** Dataset section follows **

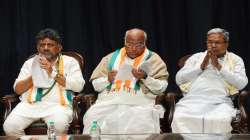 Congress President Mallikarjun Kharge with former Karnataka CM Siddaramaiah and Karnataka Congress President D.K. Shivakumar during celebrations after the partys win in Karnataka Assembly elections.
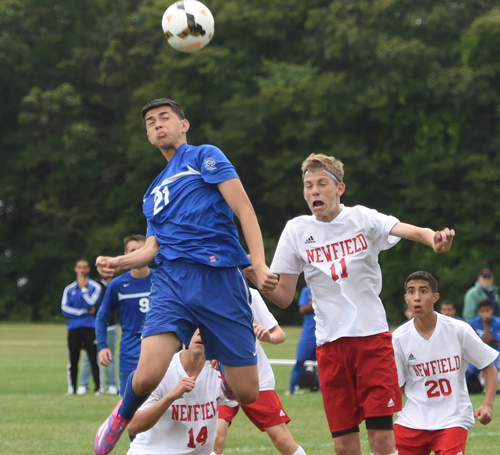 Riverhead's Jonathan Perez rises to head a corner kick while being challenged by Newfield's Connor Timmonds (10). (Credit: Garret Meade)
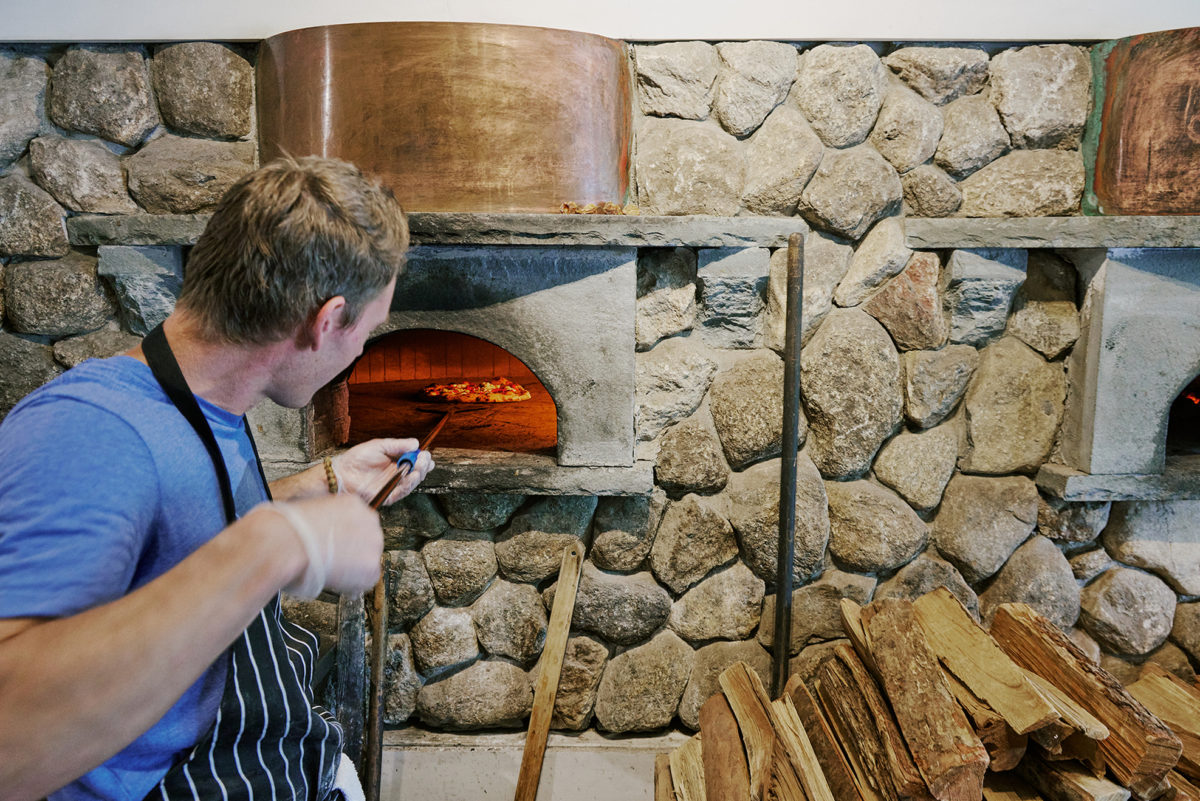person baking pizza at Fire & Stone Trattoria one of the best Restaurants and Takeout Options in Duxbury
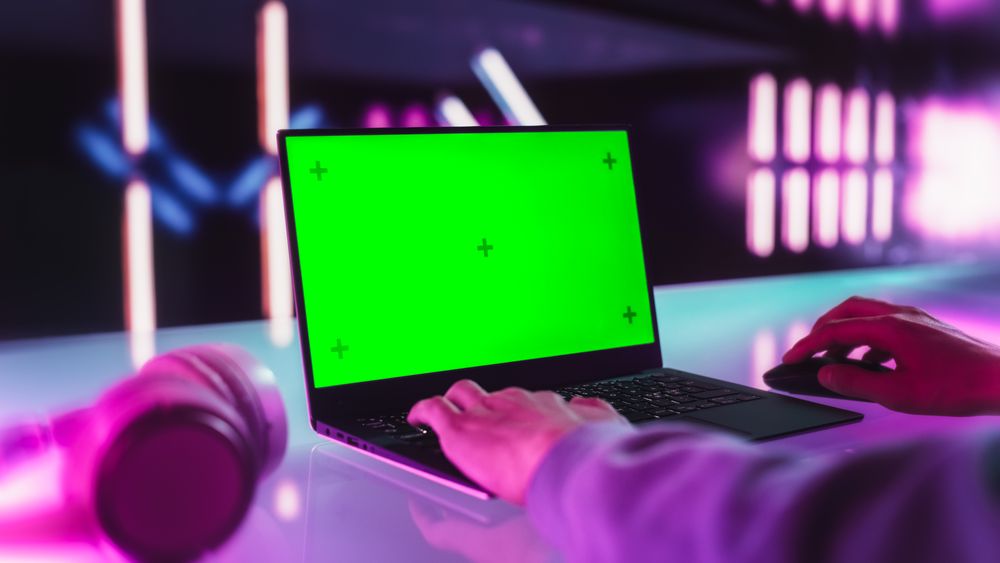 Over the Shoulder Footage with an Anonymous Gamer Playing an Online Video Game on a Laptop Computer with Mock Up Green Screen Display. Person Sitting in a Room with Futuristic Neon Design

** End of Dataset section **

Would you set down only the lines above from the line with "Riverhead's Jonathan Perez" to the line with "person baking pizza", both included, exactly as they stand and without the pictures?

 Riverhead's Jonathan Perez rises to head a corner kick while being challenged by Newfield's Connor Timmonds (10). (Credit: Garret Meade)
person baking pizza at Fire & Stone Trattoria one of the best Restaurants and Takeout Options in Duxbury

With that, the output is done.